L’Etat actionnaire oscille entre modernisation et court-termisme
La mise en œuvre des droits de vote double, qui a valu au passage deux opérations de réinvestissements médiatiques de la part de l’Agence des participations de l’Etat au capital de Renault et d’Air France-KLM, n’a pas été le seul chantier de l’APE depuis un an. Cette dernière a également voulu changer la gouvernance des entreprises de son périmètre (77 au total), rappelle son rapport annuel, qui vient d'être rendu public.
L’Etat actionnaire, à l’aune de la publication le 23 août 2014 de l’ordonnance relative à la gouvernance et les opérations sur le capital des sociétés à participation publique, présente une inflexion dans ses méthodes d’action, avec un cadre juridique plus proche du droit commun des sociétés concernant la nomination d’administrateurs. S’y trouve à la clef une féminisation croissante des administrateurs d’entreprises à participation publique. Au 1er juin 2015, 27,2 % des administrateurs sont des femmes, contre 23,8 % un an plus tôt, et le taux grimpe à 31,4% pour les administrateurs représentant l’Etat, contre 27,8% un an auparavant.
Mais surtout, l’Etat peut désormais piocher «des administrateurs issus d’un vivier élargi, afin de pouvoir bénéficier de leur expérience», alors que seulement 15% des chargés de participation de l’APE possèdent une «expérience de l’entreprise». A cela s’ajoute une distinction claire entre les rôles des administrateurs représentant l’Etat selon qu’ils sont l’émanation de l’Etat client, de l’Etat régulateur ou de l’Etat actionnaire à proprement parler.
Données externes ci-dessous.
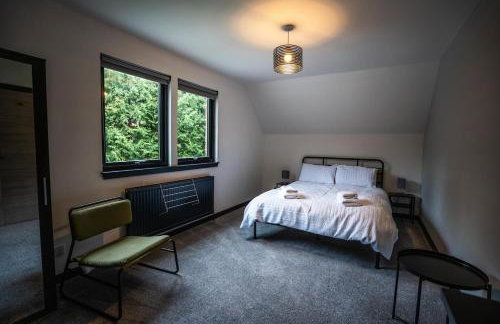 FAMILY FRIENDLY, HOT TUB, Fire Pit, Spacious & Modern - Foto 28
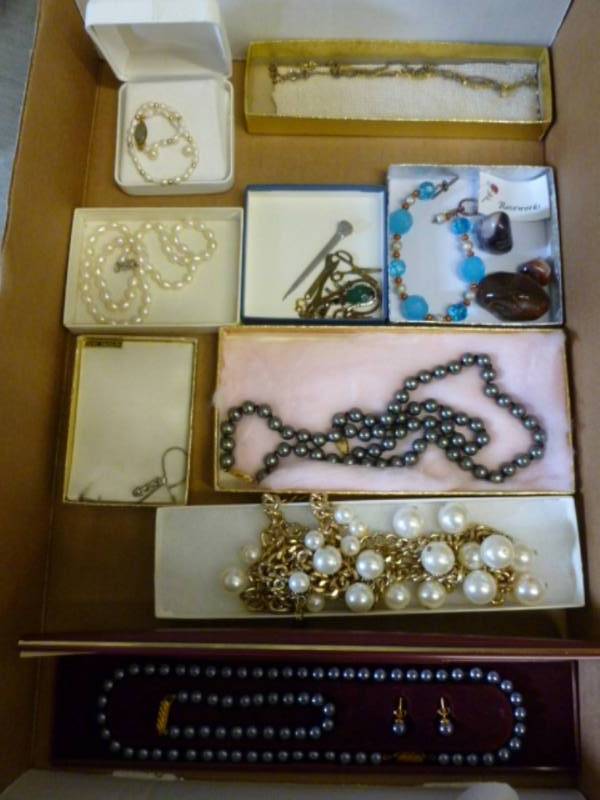 lot 271 image: Jewelry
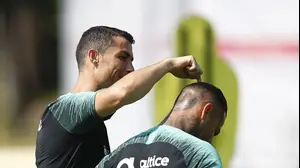 כריסטיאנו רונאלדו לצד ריקרדו קווארסמה נבחרת פורטוגל (רויטרס)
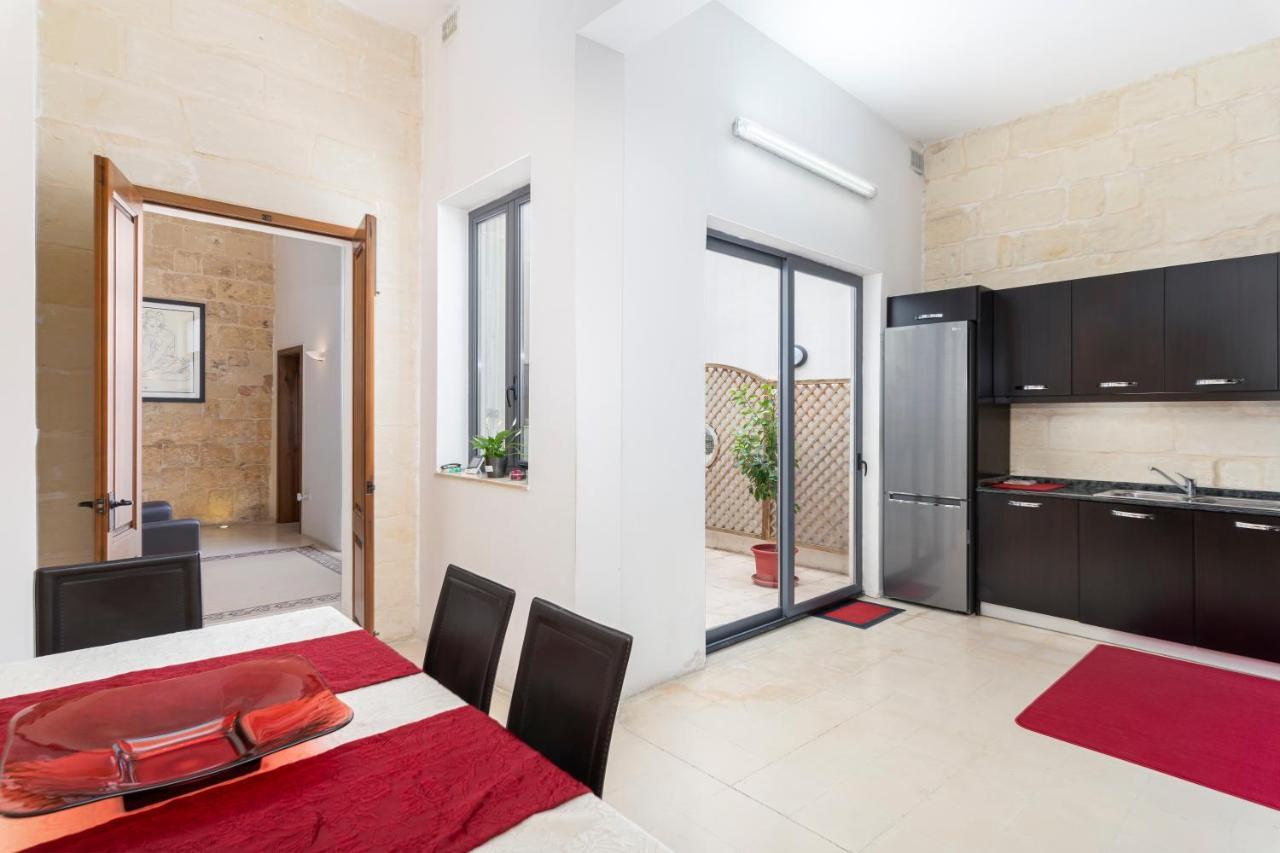 Traditional & Modern Maltese Townhouse - Rooftop Terrace And Sea Views, Close To Birgu Waterfront Hébergement de vacances Cospicua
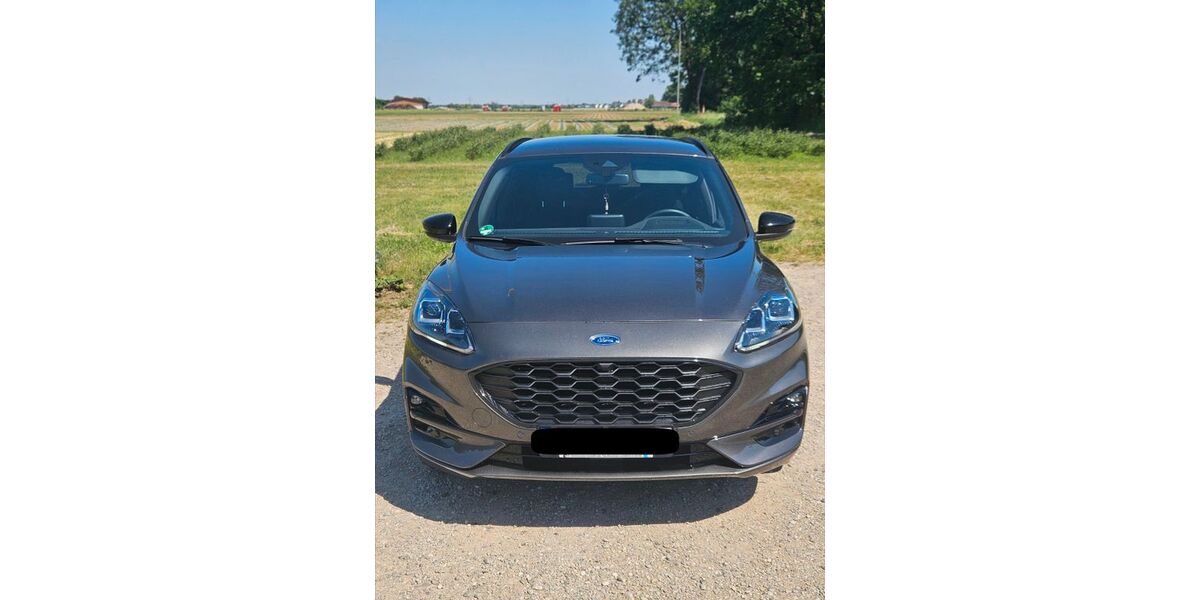 Ford Kuga 91.000 km 17.900 &euro; München 81739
C’est d’ailleurs cette dimension qui semble primer sur les autres alors que les dividendes perçus par l’Etat en 2014 s’élèvent à 4,1 milliards d’euros, somme qui contribue «directement au budget». 86% de ces dividendes proviennent de cinq entreprises: EDF, GDF Suez, SNCF Mobilités, Orange et La Poste. Le rendement des titres du portefeuille de l’APE est de 5,3%, contre 3,5% pour le CAC40, alors que dans le même temps, sa valeur a perdu 2,73% entre avril 2014 et avril 2015, en raison des contre-performances d’EDF, contre une hausse de 12,46% pour l’indice parisien sur la même période. C’est cette contradiction flagrante qui avait fait dire à la Cour des comptes il y a quelques mois que l’Etat actionnaire n’était plus stratège. Pour 2015, une baisse des dividendes reçus, à 3,7 milliards d’euros, a été budgétée.